When a GPIO is freed or shutdown, we need to ensure that any debounce settings
are cleared and if the GPIO is the only GPIO in the bank that is currently
using debounce, then disable the debounce clock as well to save power.
Currently, the debounce settings are not cleared on a GPIO free or shutdown and
so during a context restore on subsequent off-mode transition, the previous
debounce values are restored from the shadow copies (bank->context.debounce*)
leading to mismatch state between driver state and hardware state.

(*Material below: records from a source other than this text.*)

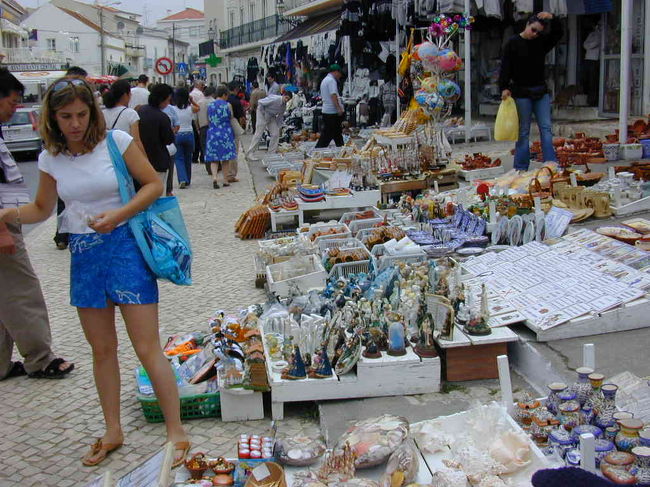 オ・シティオのきれいな露店です。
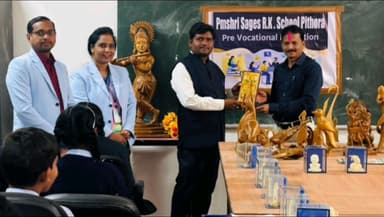 पिथौरा: पीएम श्री विद्यालय सेजेस आर के पिथौरा में प्री-वोकेशनल कार्यशाला: कास्ट कला और साबुन से मूर्ति निर्माण का प्रशिक्षण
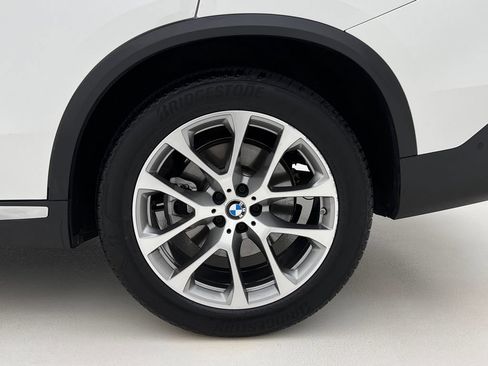 Certified 2026 BMW X5 xDrive40i w/ Climate Comfort Package AWD/4WD image 28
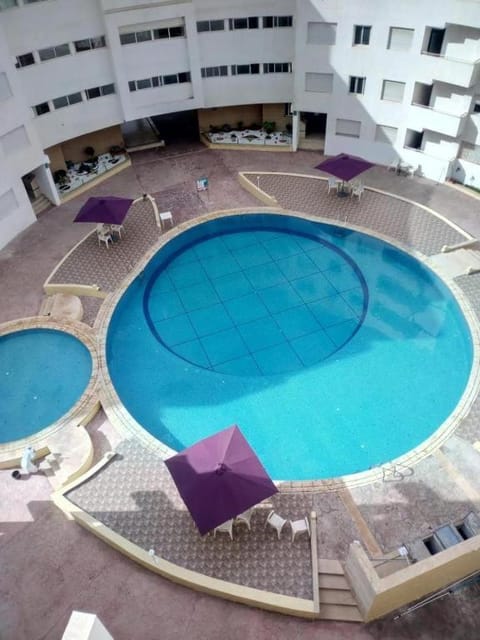 Appartement Dans une résidence avec piscine au centre de Bouznika Condo in Bouznika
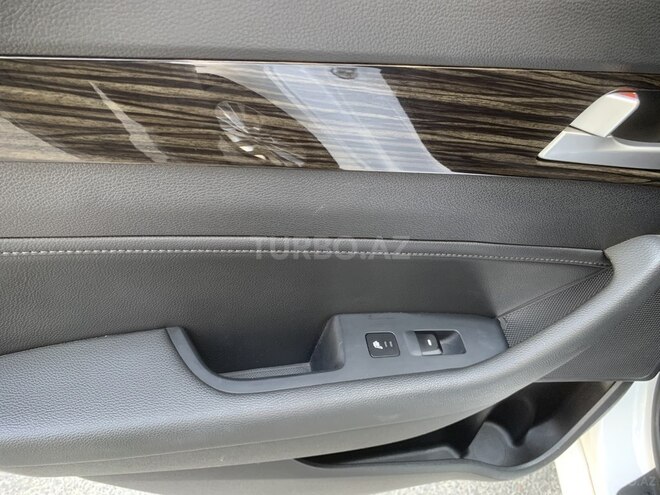 Hyundai Sonata 2018, 290,000 km - 1.7 l - Bakı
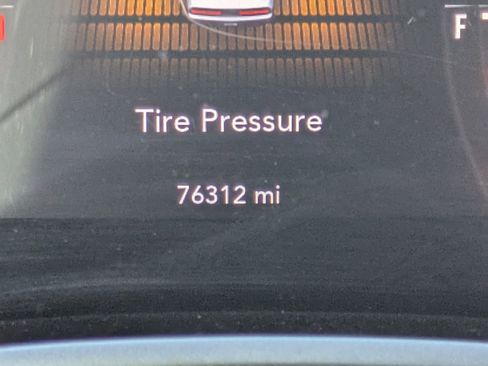 Used 2016 Dodge Challenger SXT Plus image 11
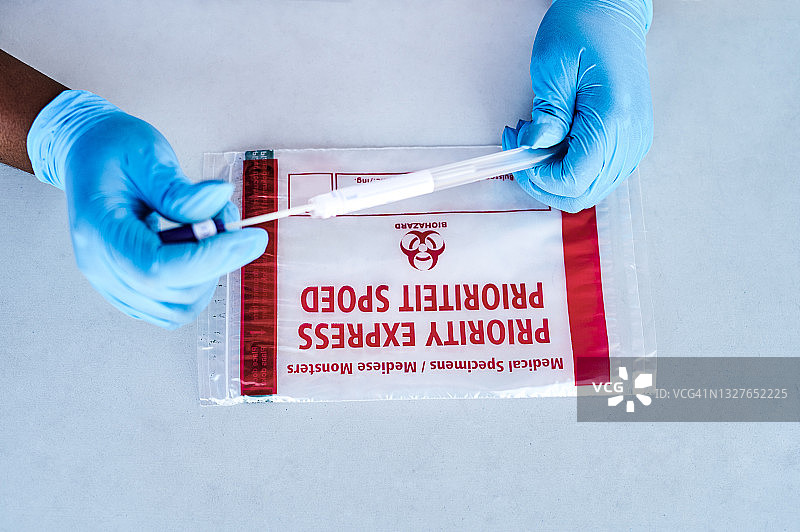 俯视镜头：一位身份不明的护士拿着棉签图片素材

This was discovered when board code was doing
gpio_request_one()
gpio_set_debounce()
gpio_free()
which was leaving the GPIO debounce settings in a confused state. If that GPIO
bank is subsequently used with off-mode enabled, bogus state would be restored,
leaving GPIO debounce enabled which then prevented the CORE powerdomain from
transitioning.
To fix this, introduce a new function called _clear_gpio_debounce() to clear
any debounce settings when the GPIO is freed or shutdown. If this GPIO is the
last debounce-enabled GPIO in the bank, the debounce will also be cut.
Please note that we cannot use _gpio_dbck_disable() to disable the debounce
clock because this has been specifically created for the gpio suspend path
and is intended to shutdown the debounce clock while debounce is enabled.
Special thanks to Kevin Hilman for root causing the bug. This fix is a
collaborative effort with inputs from Kevin Hilman, Grazvydas Ignotas and
Santosh Shilimkar.
Testing:
- This has been unit tested on an OMAP3430 Beagle board, by requesting a gpio,
enabling debounce and then freeing the gpio and checking the register
contents, the saved register context and the debounce clock state.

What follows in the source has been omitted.